Data Science – You’re Doing It Wrong!

A lot of articles have been written about data science being the greatest thing since sliced bread (including this one by me). Data products are the driving force behind new multi-billion dollar companies and a lot of the things we do today on a day to day basis have machine learning algorithms behind them. But unfortunately, even though data science is a concept invented in the 21st century, in practice the state of data science is more similar to software engineering in mid 20th century.

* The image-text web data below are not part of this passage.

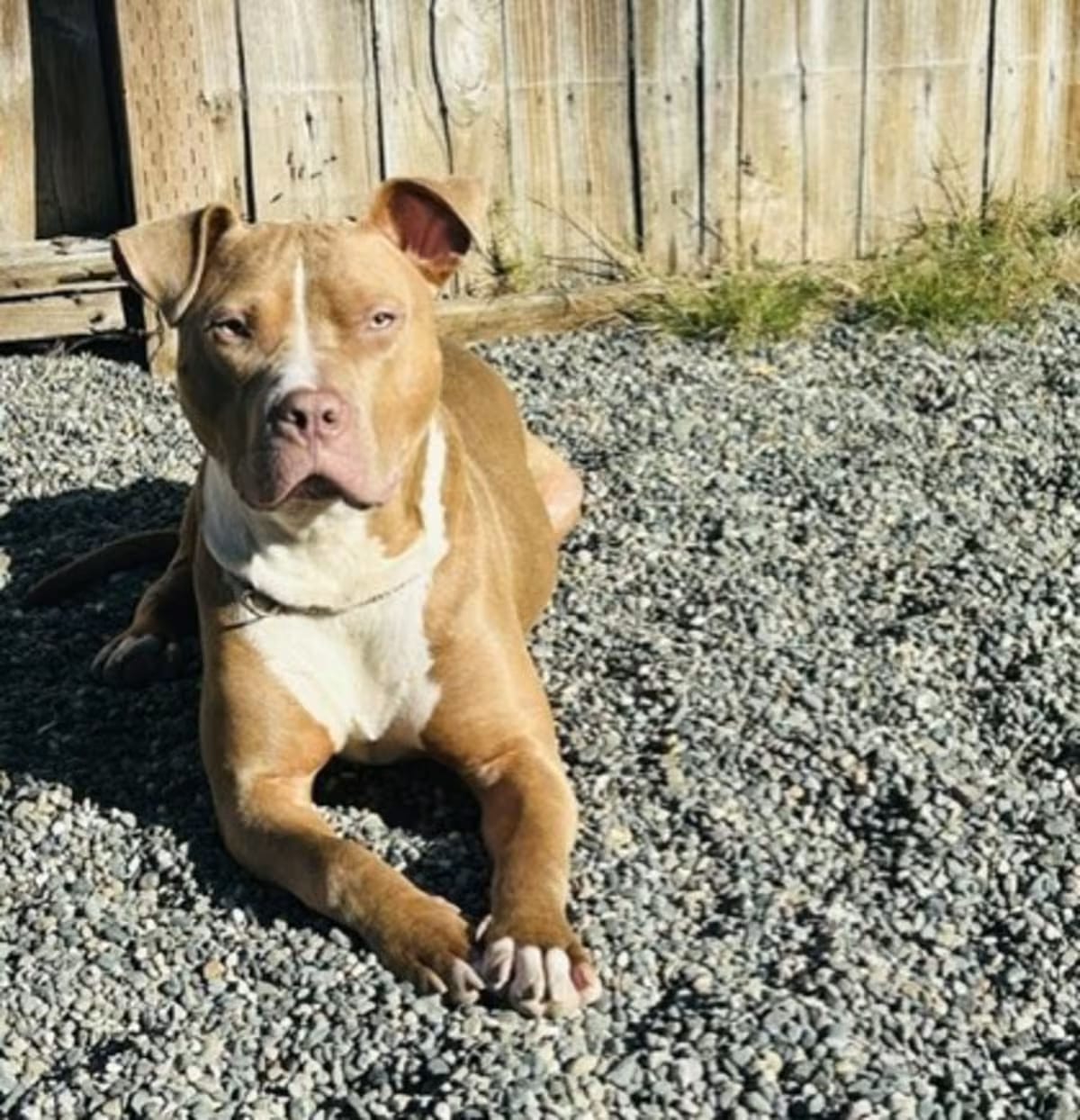 Photo of Brad, adoptable American Pit Bull Terrier in Seattle, Washington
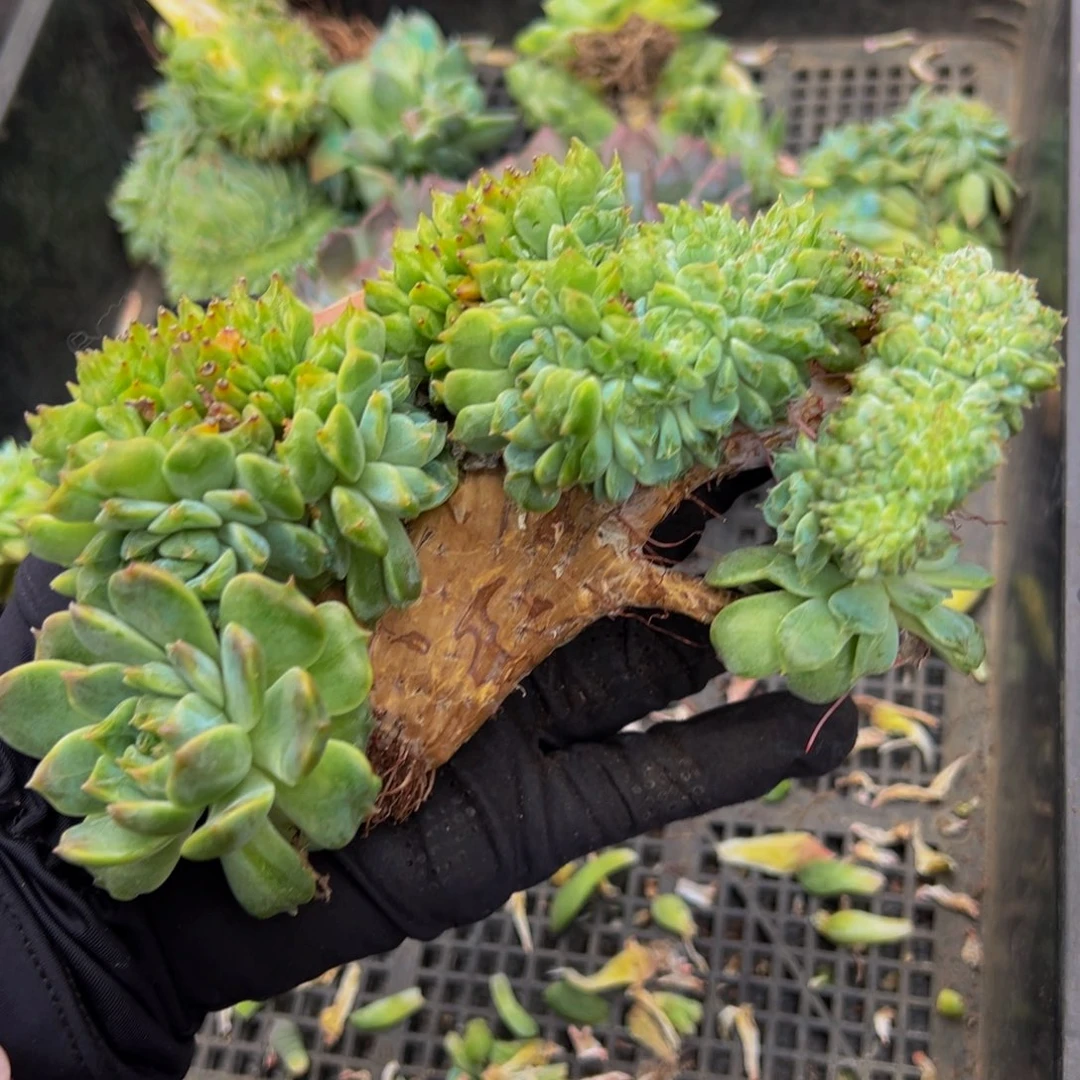 小桃花冰魄缀微瑕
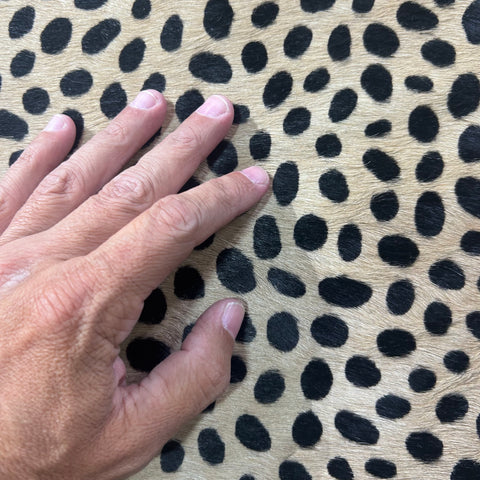 Huge Cheetah Print Cowhide Rug (heavy hide/ 1 hard to see stitch) Size: 7.7x6.2 feet Y-089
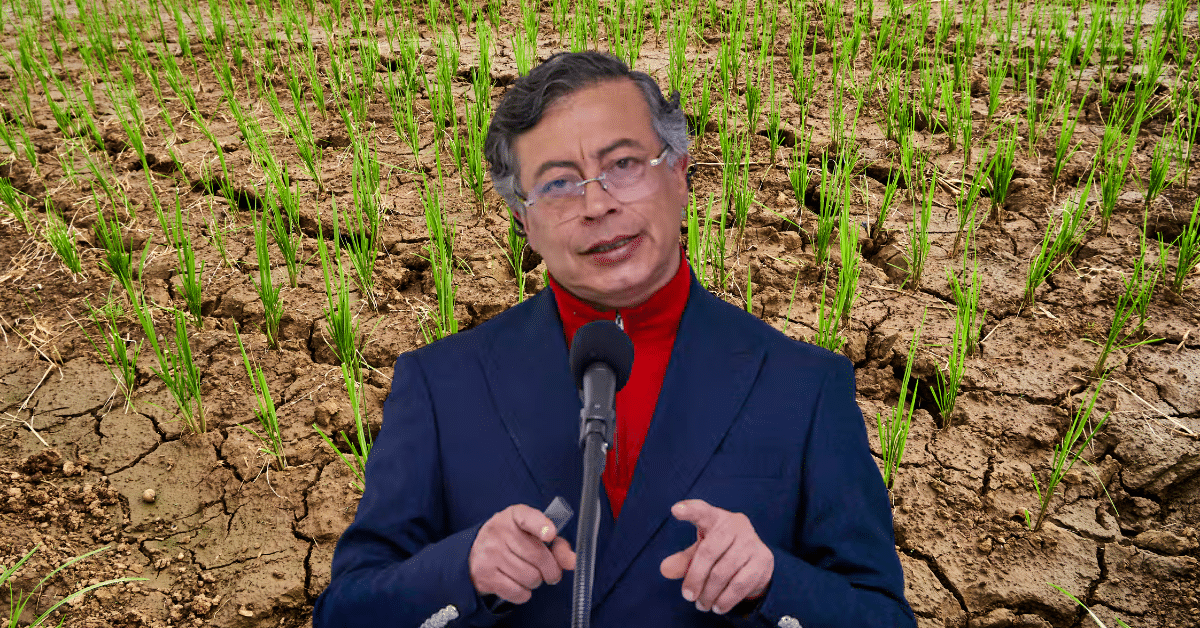 Gobierno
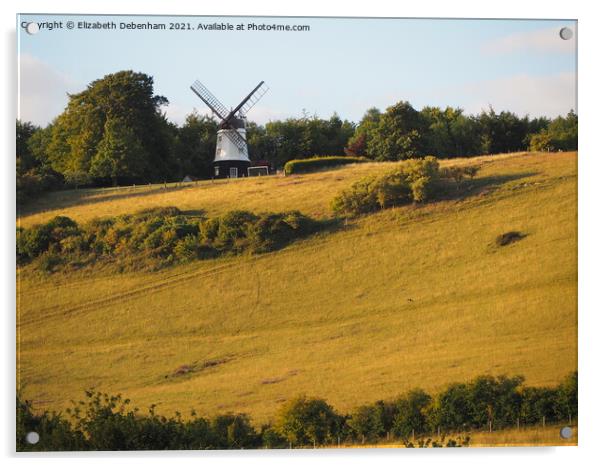 Turville Windmill Acrylic by Elizabeth Debenham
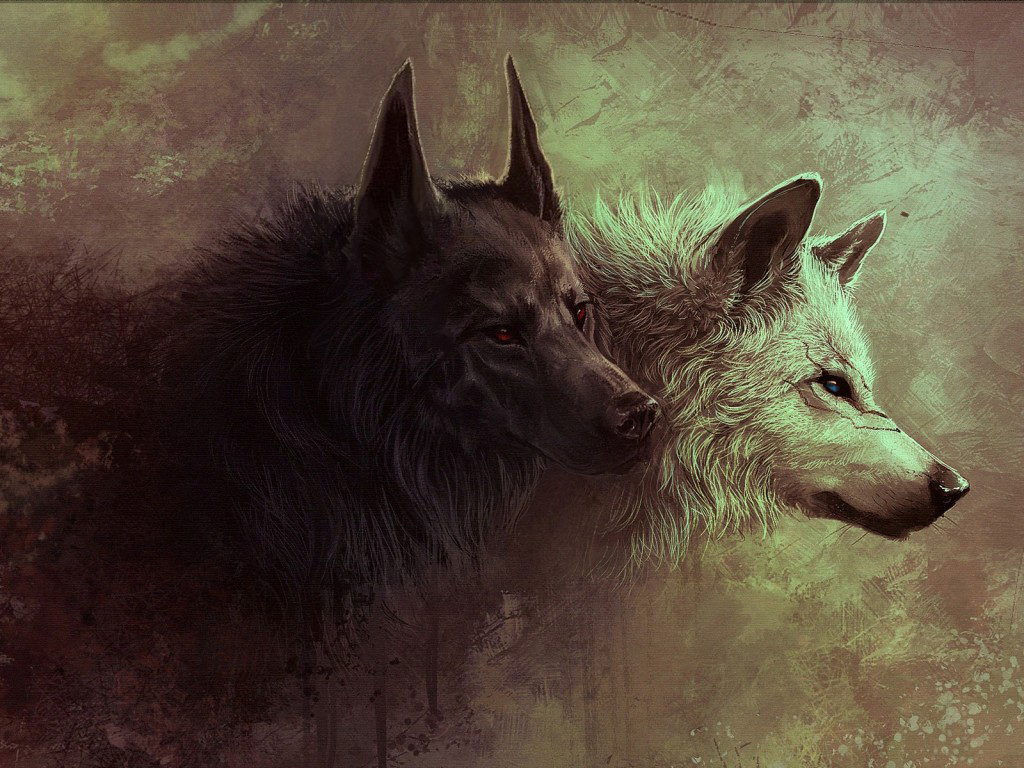 Gray Wolf Wallpaper Black And White - Wolf Background - HD Wallpaper 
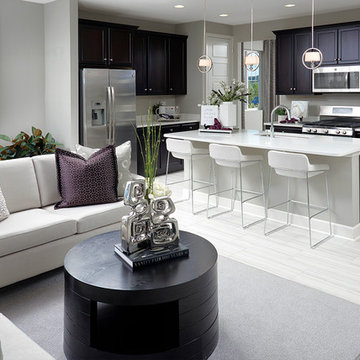 Amethyst model home in Colorado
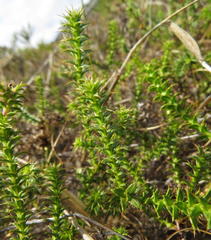 Cullumia setosa setosa
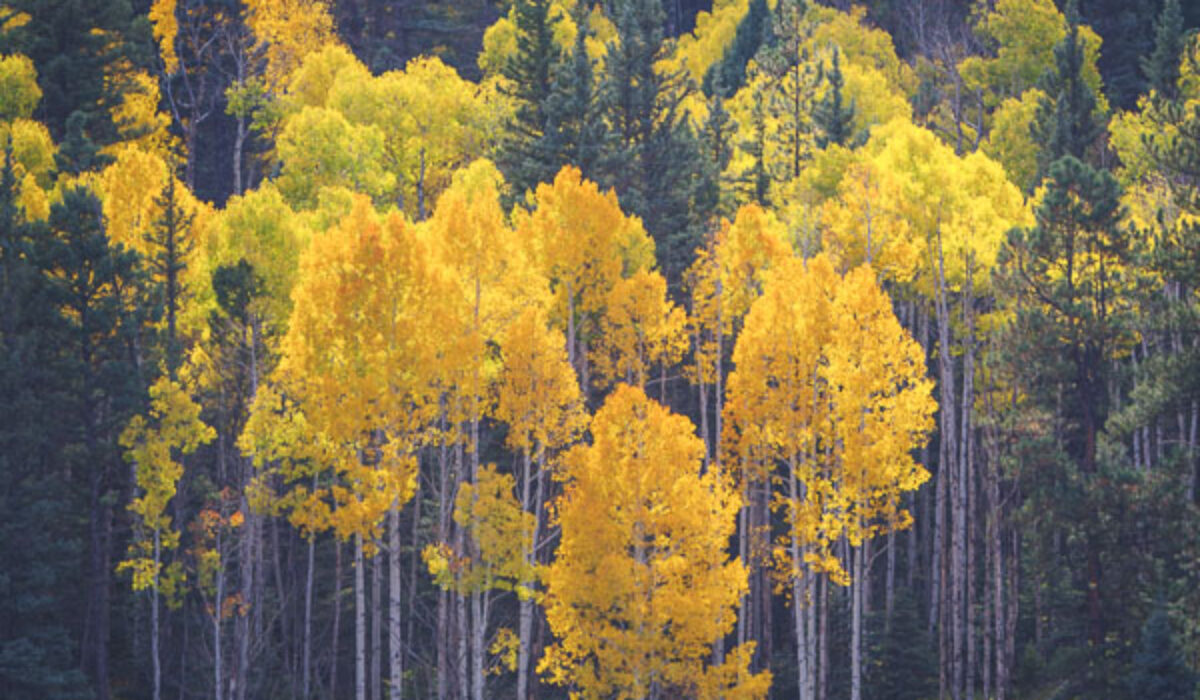 Fall in Northern New Mexico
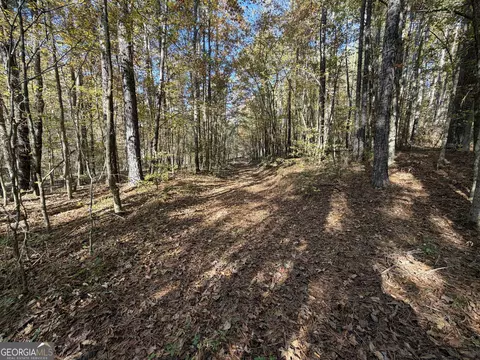 1503 Mcdonald Road # 1, Covington, GA 30014 photo 20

The pioneers of data science did a great job of making it very accessible and fairly easy to pick up, but since it’s beginning circa 2005, not much effort has been made to bring it up to par with modern software engineering practices. Machine learning code is still code, and as any software that reaches production environments it should follow standard software engineering practices, like modularity, maintainability and quality (among many others).

The talk, Scalable and Flexible Machine Learning, which I gave with Christopher Severs in multiple venues reflected our frustration around this issue and proposed a solution that we feel brings us closer to where data science should be.

The first thing to understand is that data science is mostly manipulation of data. Usually the data can be of large scale and complex, but these manipulations are commonly found in non data science code bases as well. Even more, since in the work of a data scientist you don’t know which functionality achieves the desired result, for example whether the right metric is mean or median, the argument for modular code becomes much stronger.

Our second proposition was that the current tooling that data scientist use is inadequate for the type of systems that end up in production. Real world data processing in many cases is at least as complicated as writing regular software tasks such as fetching data from a database, passing messages between mobile devices or throttling the bit rate of a streamed video, only in the former case the tools being used are on one spectrum the SQL-like Hive and the very basic scripting language Pig. Although these language can be extended using user defined functions, those functions are very ad-hoc in nature and very difficult to reuse. On the other spectrum, there is the vanilla Java MapReduce which consists of an awful amount of boilerplate code that has very little to do with the actual desired functionality.

We tried to propose a more modern alternative that will combine the best of both worlds, concise and high level as Pig and Hive and a fully powered programming language like Java. Our technology of choice was Scalding which is a high level abstraction framework over MapReduce written in Scala. It has all of the functionality of Pig and Hive achieved sometimes with fewer lines of code. The fact that it is written in Scala, which is a modern language over the Java Virtual Machine is a great feature since all of the Java libraries can be reused. But Scala is not just a modern version of Java, it is a language designed for the functional paradigm.

I won’t go in this post on the what is a functional programming language and all the features that make it better for data processing, but if I would have to provide just a single proof to support my case, is that MapReduce is a very functional concept. Both map and reduce are higher-order functions, a cornerstone of functional programming. It is not a coincidence that Google chose this simple functional paradigm to be the base of their entire data processing framework.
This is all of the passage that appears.